When Pilgrim’s Pride Corp. and Townsend Inc. operated their poultry processing plants in Siler City, the labor intensive work necessary to keep the plants running created an opening in employment. Latinos filled the void.
When Pilgrim’s Pride and Townsend closed their Siler City operations in 2008 and 2011, Latinos felt the pain. So did the town as a whole.
According to Town Manager Joel Brower, Townsend’s water and sewer bill was about $1.5 million per year. Brower said Siler City’s budget has been hurt by the closures.
“We’ve really had to cut back,” Brower said. He cited water rate increases as one of the ways the town is compensating for the lost funds.
“There’s no denying the economic impact,” said Yvonne Stegenga, owner of Heartfriends Inn Bed and Breakfast in Siler City.
“There are not as many immigrants in Siler City because they go where they can find jobs, and if there are no jobs to be found they move on,” Stegenga said.
As residents tell it, Latino immigrants began coming to Siler City in the ‘80s. The big influx, however, occurred in the ‘90s.
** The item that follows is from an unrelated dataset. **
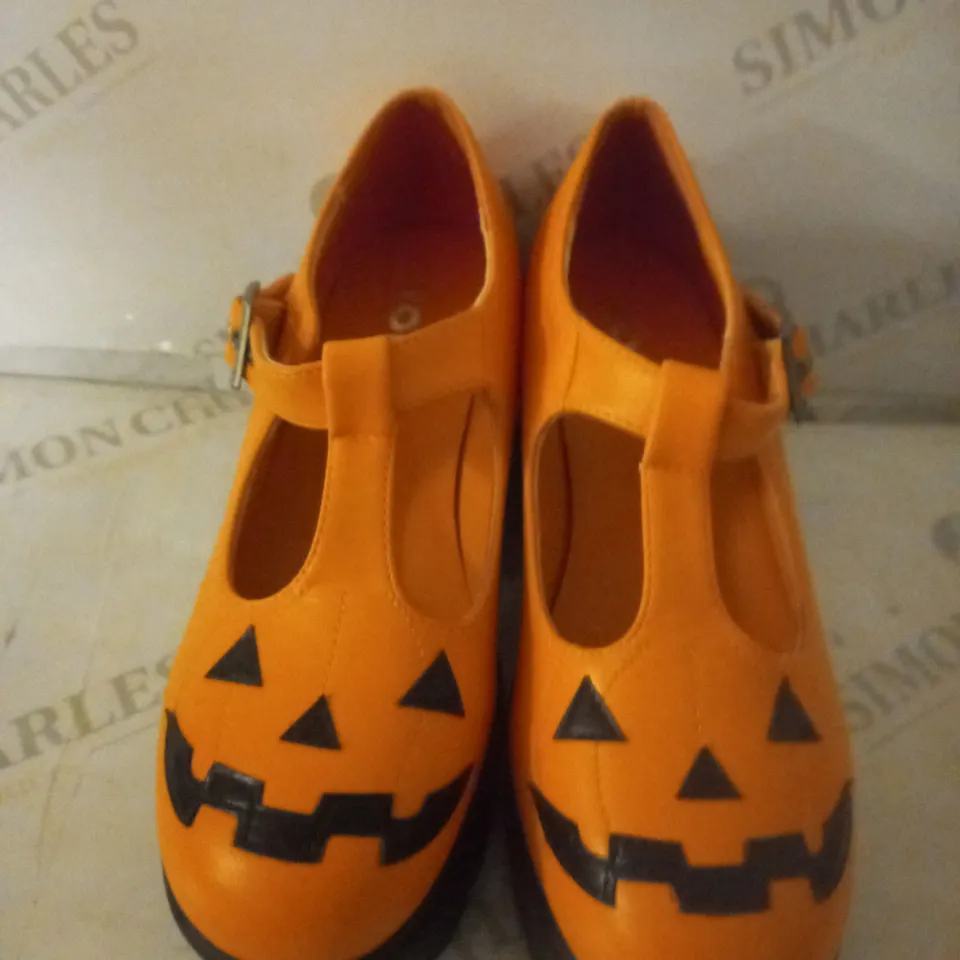 BOXED PAIR OF KOI WOMEN'S SAI PUMPKIN POISON MARY JANES SIZE 6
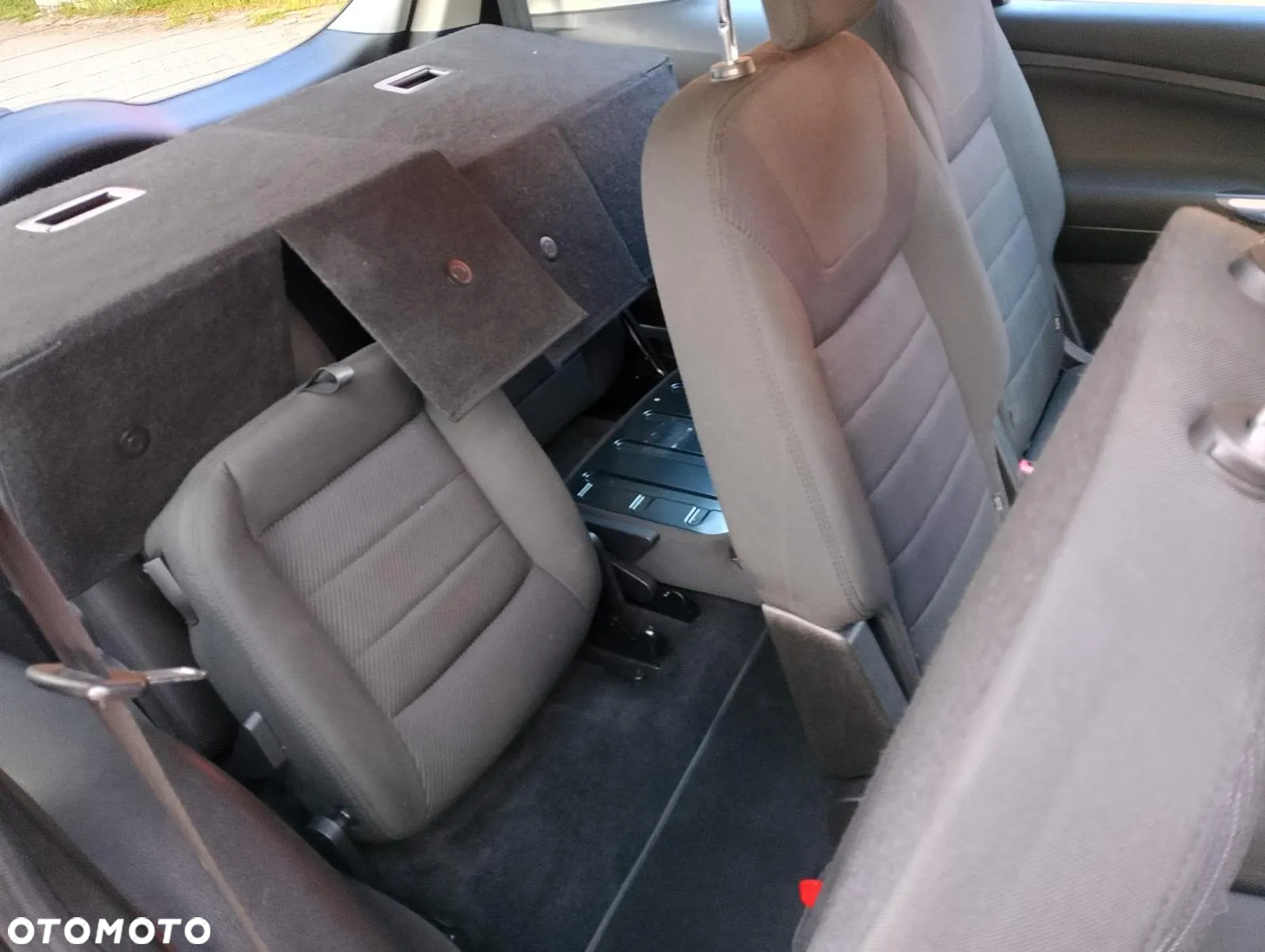 Ford S-Max 2.0 TDCi DPF Ambiente - 24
Persons of Latino origin make up close to 50 percent of Siler City’s population, according to the 2010 census. The state average was 8.4 percent in 2010.
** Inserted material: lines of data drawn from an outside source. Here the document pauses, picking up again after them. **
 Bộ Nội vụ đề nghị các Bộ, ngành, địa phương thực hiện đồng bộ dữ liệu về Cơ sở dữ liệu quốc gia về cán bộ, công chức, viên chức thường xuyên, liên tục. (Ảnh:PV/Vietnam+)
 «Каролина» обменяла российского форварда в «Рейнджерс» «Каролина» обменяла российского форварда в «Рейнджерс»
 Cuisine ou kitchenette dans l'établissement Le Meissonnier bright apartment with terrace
The Latino population growth spurred economic growth as well.
“It was a very good thing because Siler City economically was not in great shape at the time that this was happening,” said Dr. James Schwankl, a local pediatrician who opened his practice in town in 1976.
“Here was new life and new blood coming into the community and making requests of the merchants,” Schwankl said.
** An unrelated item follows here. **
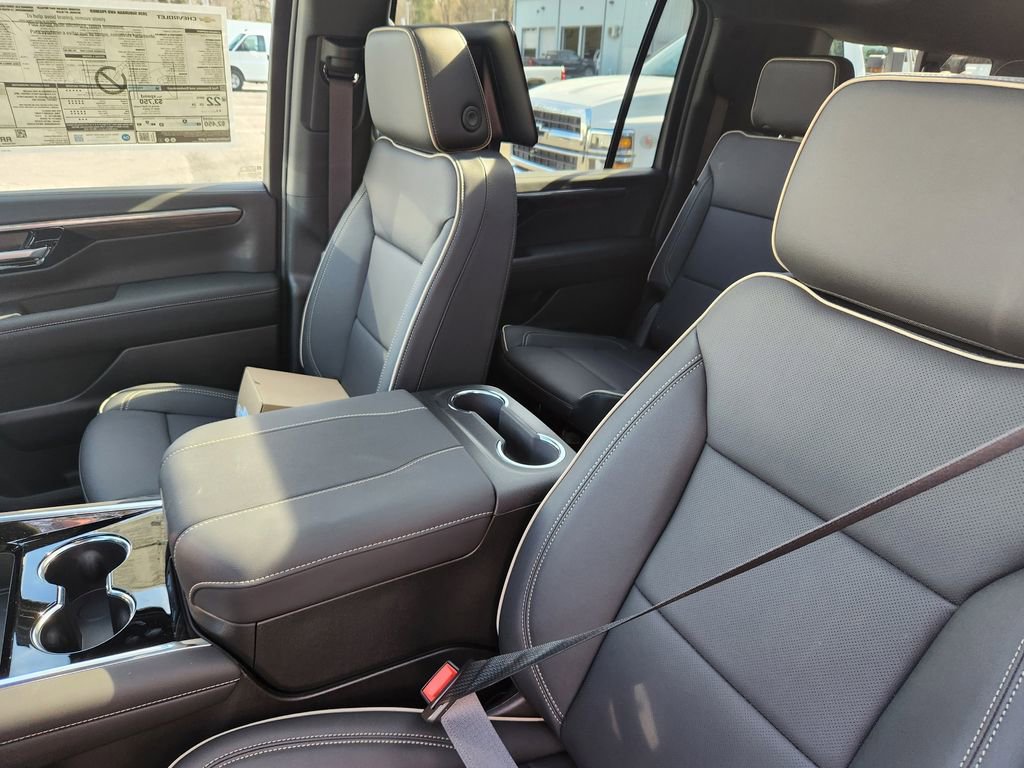 New 2026 Chevrolet Suburban Premier image 15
Brower also noticed the positive economic impact. “I saw a lot of the folks who had moved here buying into our system – finding employment, buying property, settling down, their kids entering the school system,” Brower said.
But with the plants gone, Latino spending power is down.
According to Orlando, a Latino worker at Lazar Industries in Siler City, the drop in the demographic is obvious. He said that the streets are less crowded and the stores have fewer customers.
Margarita Basilio, who works in a beauty salon downtown and attends community college in Pittsboro, said the salon’s business (which is predominately Latino males) dropped by about 20 percent when Townsend closed.
Although Basilio said business is beginning to improve, she did not attribute the uptick in customers to a spending power increase among Latinos in Siler City.
“They’re just starting to find new places to go work,” Basilio said. “Most of what we hear is that people are finding work in Burlington, High Point, Greensboro and Raleigh.”
Although town officials are happy that people are starting to find work, some hope Latinos will remain in Siler City even if their job is in a neighboring town.
“To me, the Hispanic population does all the hard jobs,” said Charles Johnson, mayor of Siler City. “They take the jobs a lot of people don’t want to do – the hands-on stuff.”
And according to Brower, there are and will be jobs to fill. “Hardly a week goes by that there’s not some interest expressed in one of our factories that’s vacant or land sites to build a factory,” Brower said.
In addition, Brower said there are a number of established companies that are growing.
Lazar Industries is one of those companies. Michael Buskirk, general manager at the modern upholstery business, said that although Lazar was affected by the recession, demand is increasing so they are hiring again.
Lazar also recently received a $182,000 grant from the N.C. Rural Economic Development Center that would help create 37 jobs.
About half of Lazar’s current employees are Latino, and Buskirk suggests many of the job openings will likely be filled by Latinos.
“There is no issue within our company with the Hispanic workforce, and you don’t find native people from Chatham County or Siler City that really want to be in the furniture business,” Buskirk said.
“So without the immigrant population, we would really struggle trying to build a workforce.”